By mirroring physical assets as digital systems, manufacturers create products better and cheaper than ever before and, by bridging the physical and digital worlds, solve physical issues faster.
Transforming Manufacturing Takes Good Data Management
Matt Turner, Chief Strategy Officer, Media and Manufacturing | MarkLogic
Manufacturing is undergoing massive changes as it enters the 4th Industrial Revolution, which requires a fundamental shift in how we make things – from start to finish.
A real star of this revolution will be “digital twins,” the real-world digital representations of physical assets.
By mirroring physical assets as digital systems, manufacturers create products better and cheaper than ever before and, by bridging the physical and digital worlds, solve physical issues faster.
Having a digital twin offers incredible benefits. Engineering teams are better able to understand the products they build, and can improve product quality and product times. According to Gartner, by 2022, over two-thirds of companies that have implemented Internet of Things (IoT) will have deployed at least one digital twin in production. Manufacturers of IoT-connected products are the “most progressive,” Gartner says, which sets them up to successfully transform for the future.
Challenges to Digital Twins
Yet manufacturers face huge challenges in creating digital twins. Data is at the heart of digital transformation efforts and manufacturers, like many industries, have data stuck in silos, across dozens of ERP systems. That data needs to be integrated and connected for any digital transformation initiative to reach its full potential, including digital twins.
Also, traditional IT systems are not designed to support digital twins. That’s because traditional manufacturing processes involve creating long, written documents to describe systems. These document-based systems reside in emails, slides, documents or spreadsheets, often within different organizations of a business.
When a manufacturer has to change one facet of one part of a whole product, all of this information needs to be readily accessible so that engineers can quickly see how a tiny change in one requirement impacts a whole product. This gets extremely complicated in industries like aircraft manufacturing, when engineers deal with more than six million parts, or around something less complicated like a smart phone production, in which changing a component to affect screen brightness then impacts the entire system that makes up the device.

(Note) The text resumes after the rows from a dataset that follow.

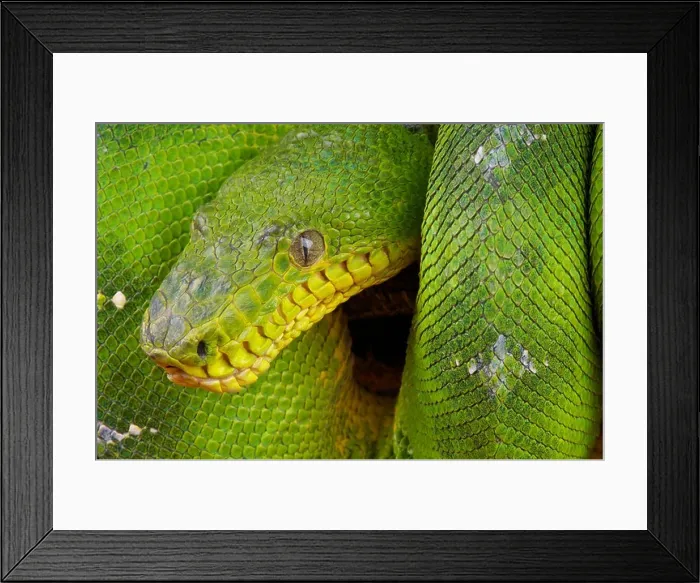 Framed Print : Green tree boa / Corallus caninus Framed Print : Green tree boa / Corallus caninus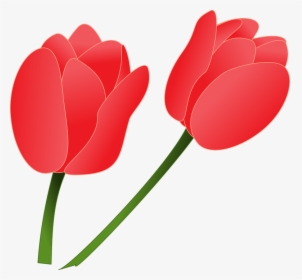 Pink Tulip Hd Photo Clipart - Clipart Of Tulip Flowers, HD Png Download, Free Download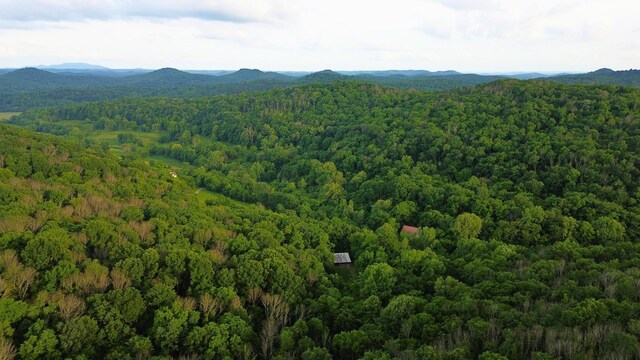 1291 Johnson Hollow Rd, Watertown, TN 37184 - photo 18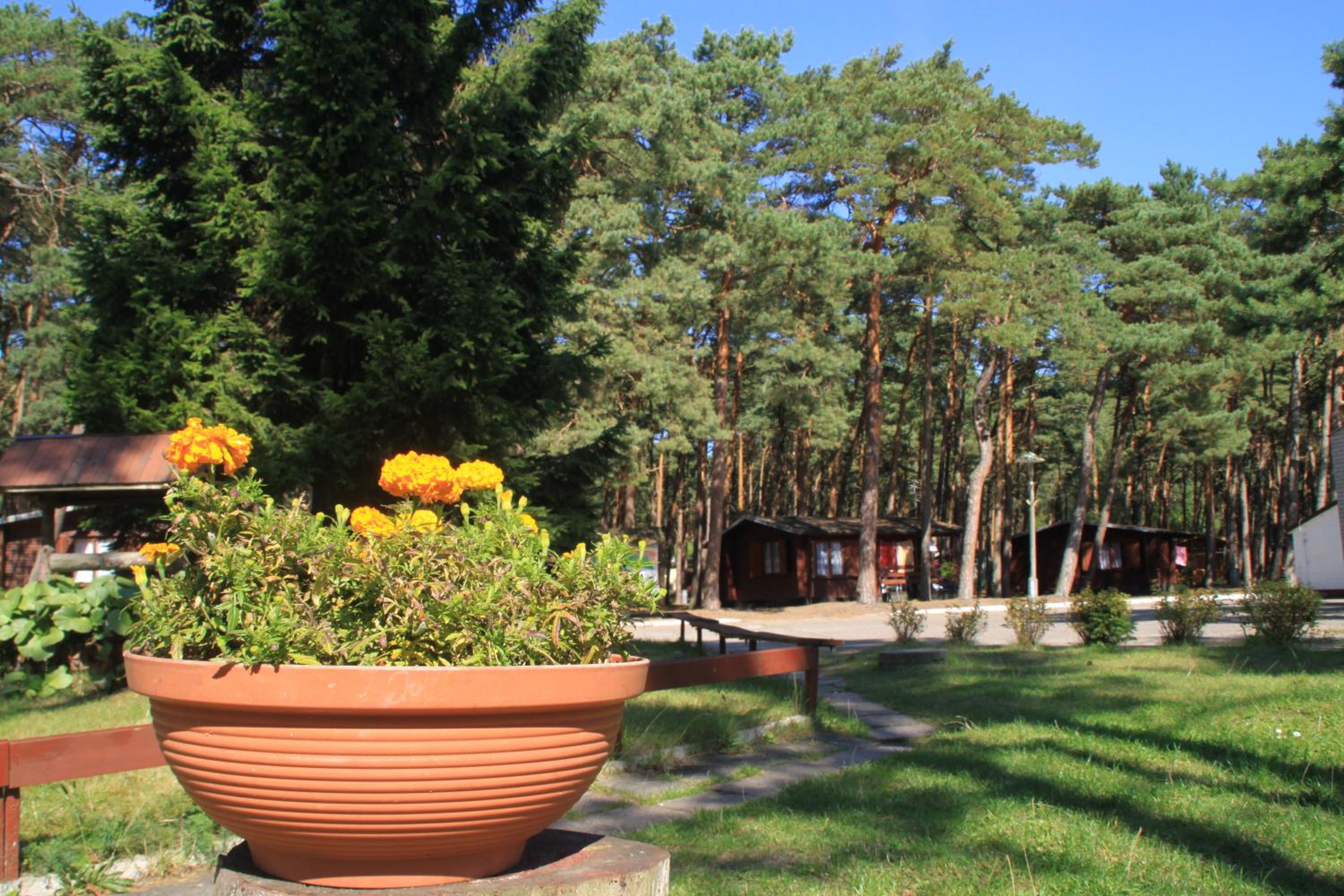 Ośrodek Portus view 3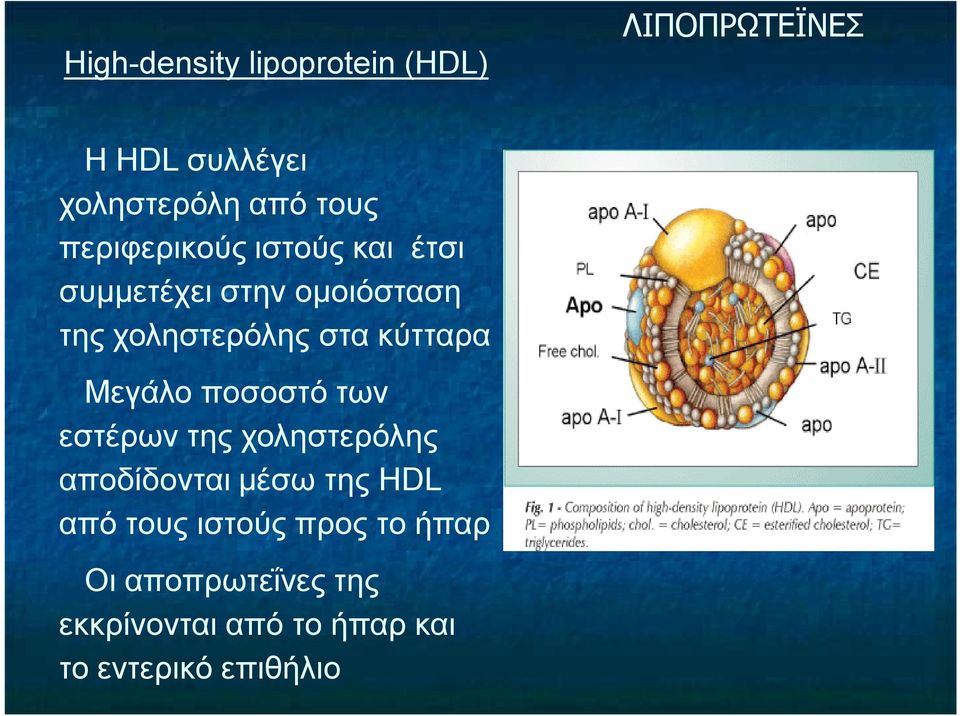 κύτταρα Μεγάλο ποσοστό των εστέρων της χοληστερόλης αποδίδονται μέσω της HDL από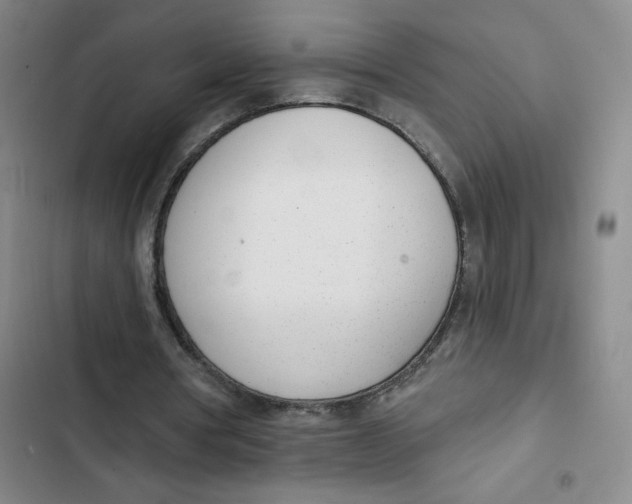 X0000102850386200809151132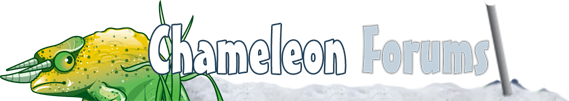 Chameleon Forums
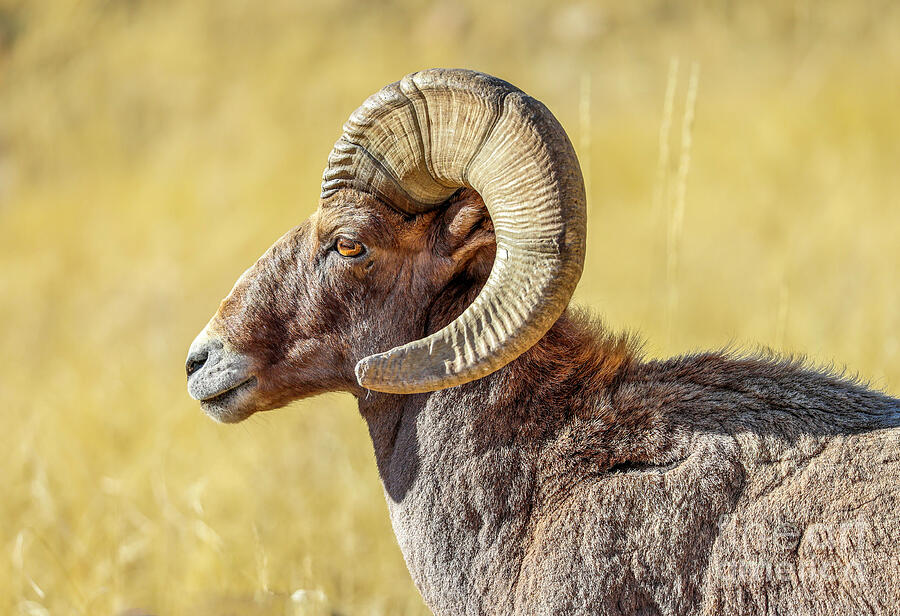 Bighorn Sheep Profile  Photograph by Shirley Dutchkowski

To really carry off the promise of digital twins, organizations today need a more modern approach, and that’s where model-based system engineering (MBSE) comes in. MBSE is a model-based methodology in which a single digital model depicts and relates the components and architecture of a system, and the requirements and restrictions of a system, in order for it to perform a function or for it to be safe.
With MBSE, engineers have a digital representation of everything evolved in the systems and parts to create a product. So, if someone changes a requirement around something like screen brightness, the impact on the entire system is easily mapped out and analyzed. As such, there is no losing of the overall design intent as the design changes of individual components — unless decisions are made to change the overall design.
Data is at the Heart
Dispersed data that is inconsistent and poorly managed will hinder the ability for MBSE.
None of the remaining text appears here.